■ What is required:
After the line containing "Town Chalet Motel", copy nothing more; up to and including it, copy every line of the listing exactly from the first, leaving out the pictures.

■ Task material:
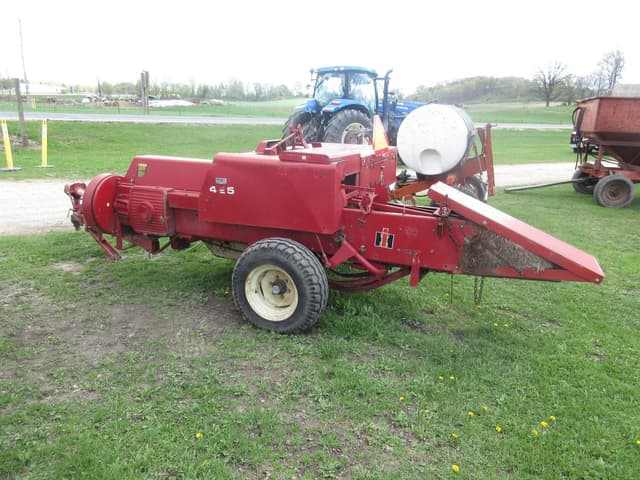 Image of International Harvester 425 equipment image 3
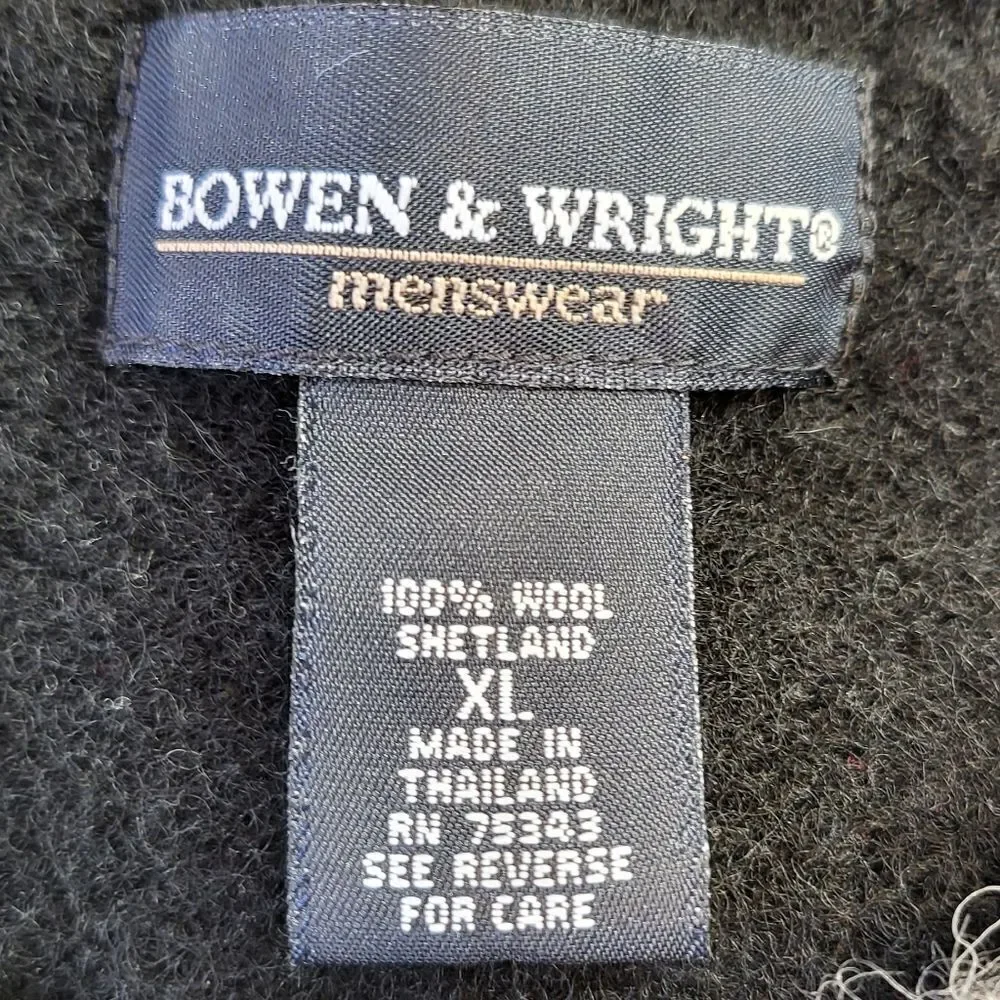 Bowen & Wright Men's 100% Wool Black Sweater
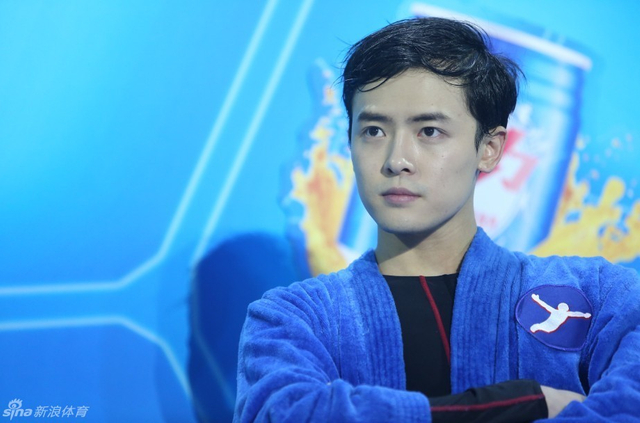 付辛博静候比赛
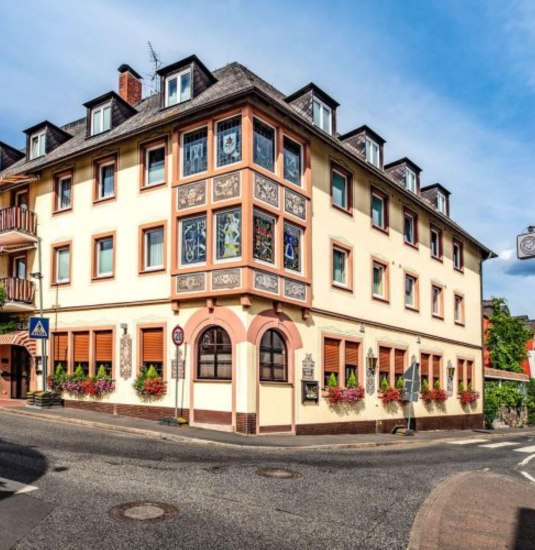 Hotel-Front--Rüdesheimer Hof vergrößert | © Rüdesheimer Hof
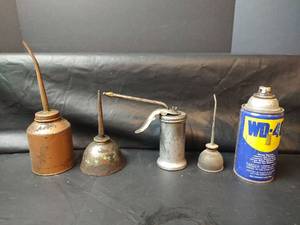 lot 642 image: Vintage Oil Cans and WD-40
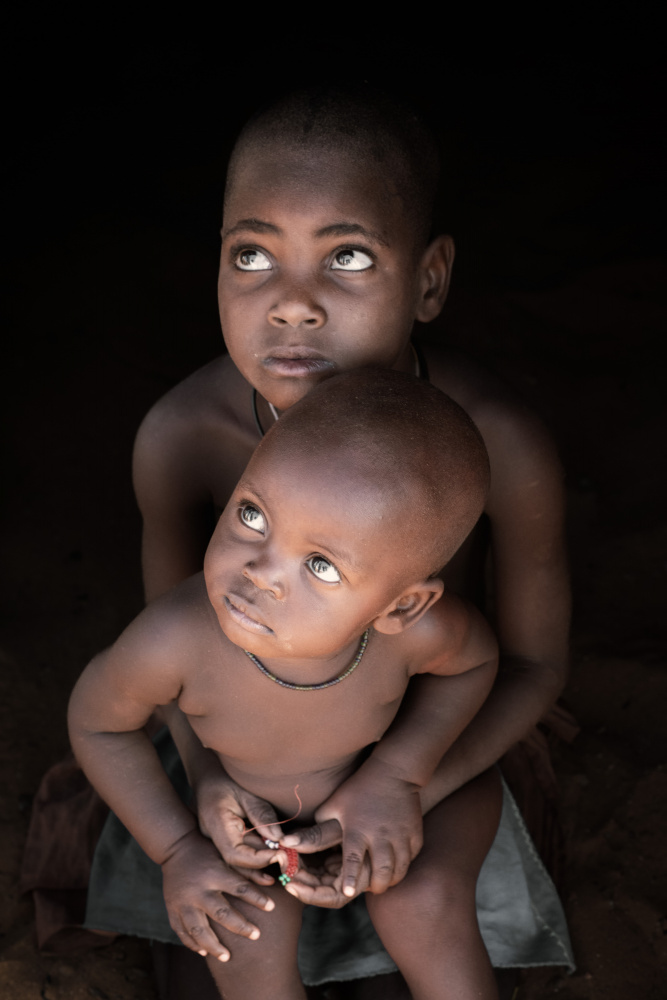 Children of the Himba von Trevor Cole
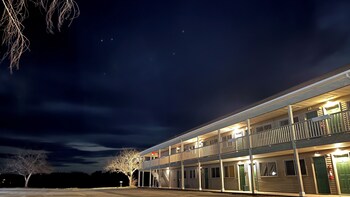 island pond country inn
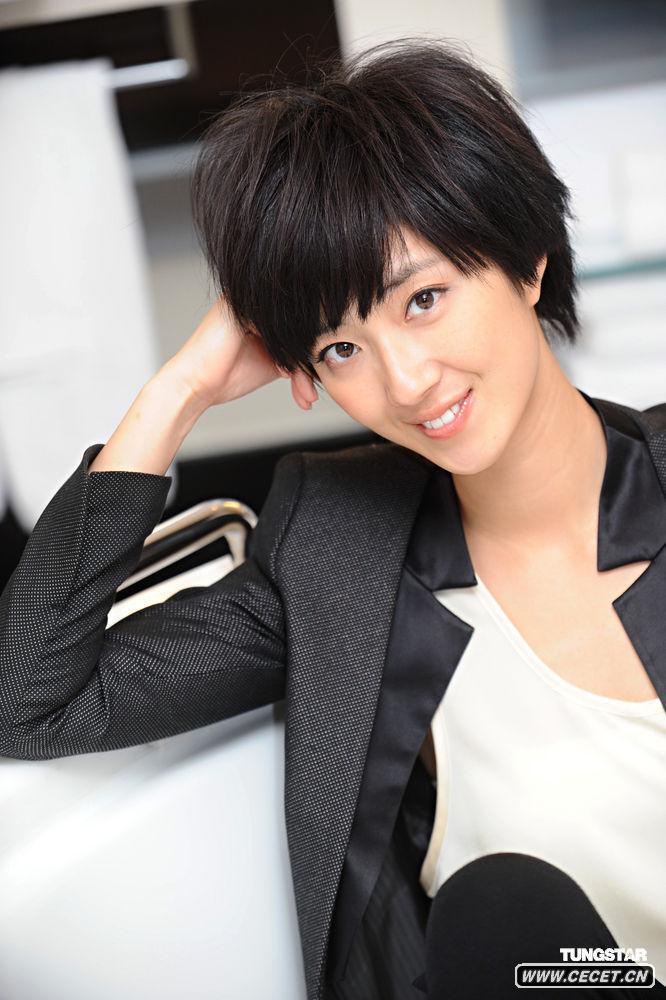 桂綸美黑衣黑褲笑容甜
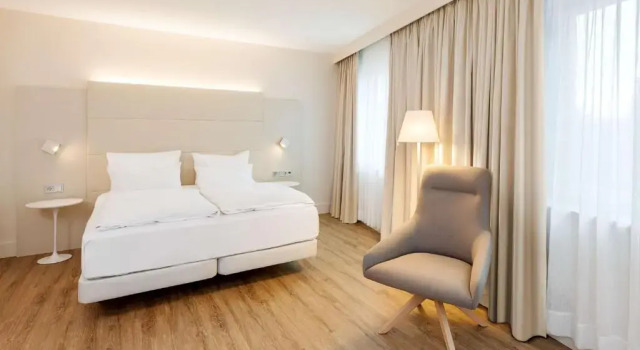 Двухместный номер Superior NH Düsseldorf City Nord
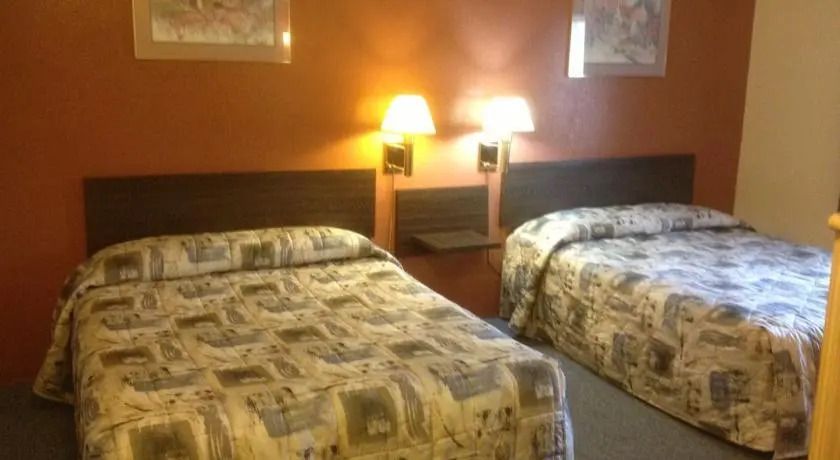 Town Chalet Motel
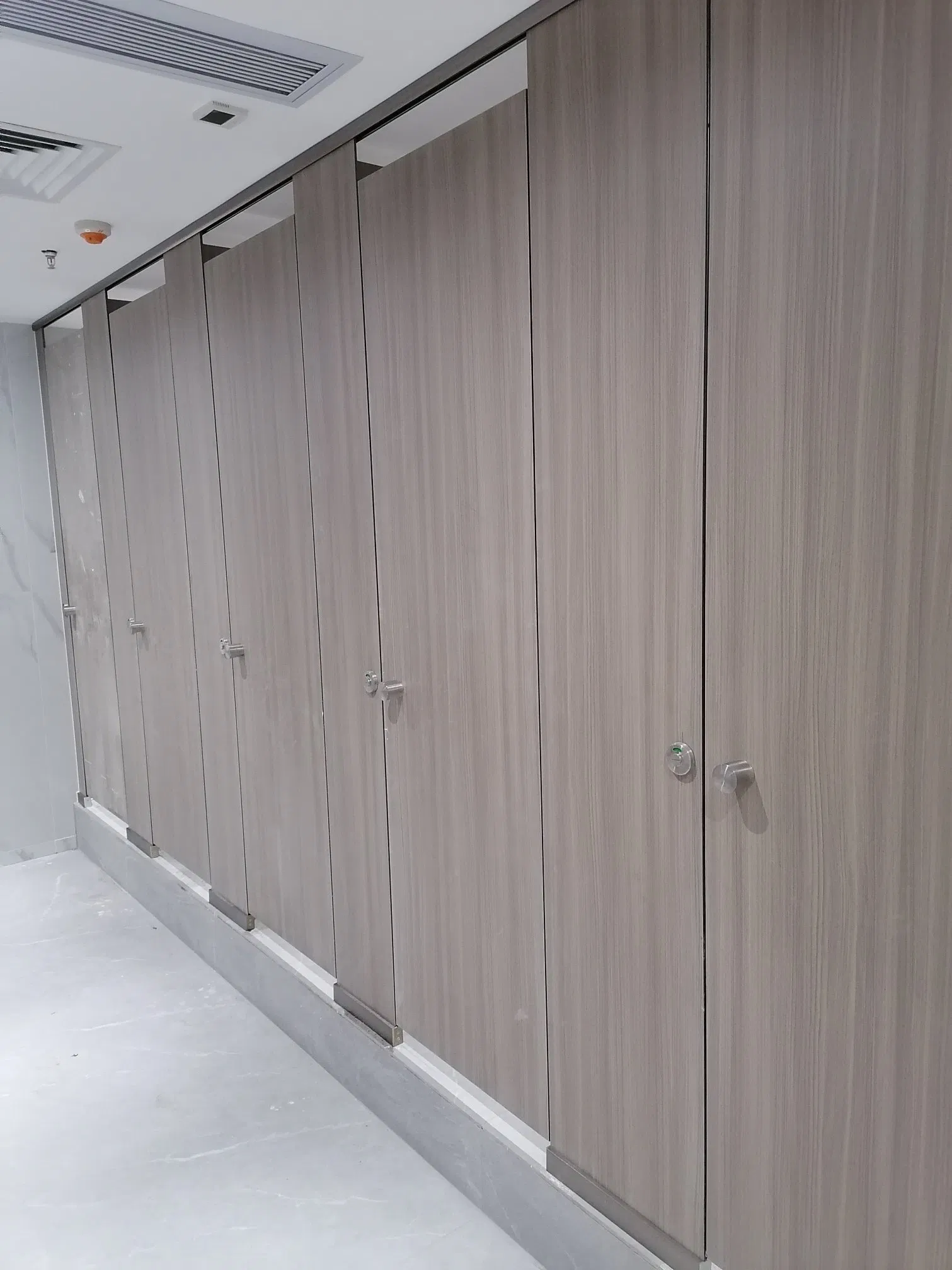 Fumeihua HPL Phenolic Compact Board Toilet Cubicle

■ Result below:
 Image of International Harvester 425 equipment image 3
 Bowen & Wright Men's 100% Wool Black Sweater
 付辛博静候比赛
 Hotel-Front--Rüdesheimer Hof vergrößert | © Rüdesheimer Hof
 lot 642 image: Vintage Oil Cans and WD-40
 Children of the Himba von Trevor Cole
 island pond country inn
 桂綸美黑衣黑褲笑容甜
 Двухместный номер Superior NH Düsseldorf City Nord
 Town Chalet Motel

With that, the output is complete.